Johannesburg Poem by Jacob Kobina Ayiah Mensah

Johannesburg



Johannesburg is a painting of night watch.
The night of peacock feathers of the sky,
framed as smouldering countryside,
every very tall smoking building
reflects a part of the cloudstreets
where silhouettes float
in street corners,
this is witching hour
of the tale of the body,
scratched through by the stylus.
When difficult birds to be known in the future
are perching high on the the penthouse
above the cliff
and a Scrooge
scrunches behind your scruple,
your aging process is marked
on every light falling
and civic pride is left behind
in the lofty rooms of old age.
With the pike stands guard,
you scrub
and scrub the Adam's apple
from more tunes of noise
and blinding Samson.
This is Johannesburg.
This is my new found love.
This is grand tour of gramophone record.
This is a work of craftsmanship and learning.

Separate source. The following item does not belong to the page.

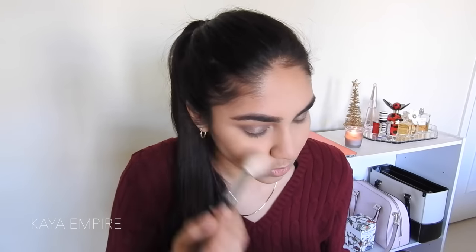For blush, I'm going to use this little NARS Orgasm blush — look at how small it is! I'm going to take this on a Morphe M405 brush and dust it on the apples of my cheeks. I like that this blush has a little bit of sheen because since my face is so matte, I need some vibrancy. For highlight, I'm using the Laura Mercier 01 highlight on a Morphe M501 brush. The hype is real — the Morphe M501 is one of the best brushes of all time to apply highlight. It is such a phenomenal brush for highlighting your cheekbones — I highly recommend it.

A place to name after the Dutch market.
A place where sleep is illness.
Let no Captain Frans Banning Cocq and his band
walk here across the canvas,
taking revenge on a cook who has slashed you.
But these dots of lights scattering below in the valley of my heart,
where you are peering out over the shoulder,
these merging colours in loose brush work
and leaving a darkened surrounding space,
your young women are highlighted in yellow from distance,
each figure appears to be a defined character.
In this long series of self-portraits
through a magnifying glass
you remain the night watch.
Johannesburg a lyricist in peacock feathers of wet night.